Here we will apply Scikit learn to create a Linear Regression model. Similar to other methods that use Estimator API of Scikit learn library, training and applying Linear Regression is a 5-Step process:

1. Select model (Linear Regression, in this case) and import it
2. Select model hyperparameters
3. Arrange data in feature matrix (or vector if just 1 feature) and Target array
4. Fit model to data
5. Apply model to inference and prediction problems

We will apply Linear Regression to better **understand 1) the relationship between GDP and Life Expectancy and 2) the relationship between Life expectancy and *happiness* in a specific year (2016)**.

First, we will load and vizualize the required data:

In [None]:
import numpy as np
import pandas as pd
import matplotlib.pyplot as plt

# Load data
df_happiness = pd.read_excel('happiness.xls', index_col=[0,1])

x = df_happiness.dropna().loc(axis=0)[:,2016][["Log GDP per capita","Healthy life expectancy at birth"]]

x.plot.scatter(x="Log GDP per capita", y="Healthy life expectancy at birth",c='black')
plt.show()

Below you have an example of ordinary least squares Linear Regression.

LinearRegression fits a linear model with coefficients $\vec{w} = (w_0, w_1,..., w_p)$ to minimize the residual sum of squares between the observed targets in the dataset, and the targets predicted by the linear approximation.

When $p=1$ (that is, a feature space with 1 dimension), LinearRegression fits a straight line to the data. Such line (as any other straight line) can be defined by two parameters: intercept ($w_0$) and slope ($w_1$).

In [None]:
# 5 Steps to use the Scikit-learn Estimator API:

# 1. Select model and import it
from sklearn.linear_model import LinearRegression

# 2. Select model hyperparameters
model = LinearRegression(fit_intercept=True) # select model hyperparameters

# 3. Arrange data in feature matrix (or vector if just 1 feature) and Target array
X = x["Log GDP per capita"].values
Y = x["Healthy life expectancy at birth"].values

# 4. Fit model to data
model.fit(X=X[:, np.newaxis], y=Y) # np.newaxis increases dimension of array by 1

# 5. Apply model (in this case, visualize the regression line)
xfit = np.linspace(min(X), max(X), num=2) # linspace returns matrix with evenly spaced numbers
yfit = model.predict(X=xfit[:, np.newaxis])

# Plot
plt.scatter(X, Y, c='black')
plt.plot(xfit, yfit, c='red');

### Exercise 1

What is the slope (or coefficient) and intercept (or bias) of the model created?
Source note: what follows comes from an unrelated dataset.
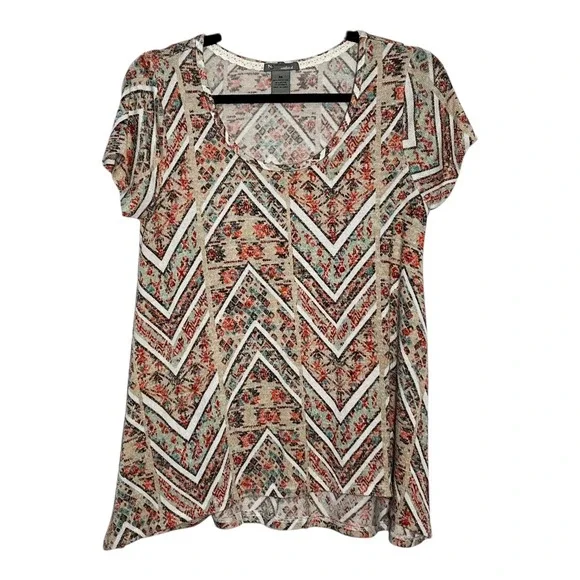 New Directions Weekend Womens Medium Chevron Floral Sharkbite Hem Knit Top Coral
What is the slope telling us about the relationship between GDP and life expectancy?

In [None]:
# Your code here

### Exercise 2

Write down an expression for the straight red line in the previous plot, using the values of the intercept and the slope that were just printed. To confirm your solution, do a line plot where you overlap the red plot in the figure below (red) with another plot with the straight line equation you derived.

*Expected output:*

Two lines (e.g., red and blue) perfectly overlaped. To ease visualization, increase the thickness of one of the lines. 

In [None]:
# Your code here

Linear regression can also be applied after expanding the feature space to include non-linear terms. This is convenient to capture non-linear relationships in data; notice that the number of coefficients will also increase. 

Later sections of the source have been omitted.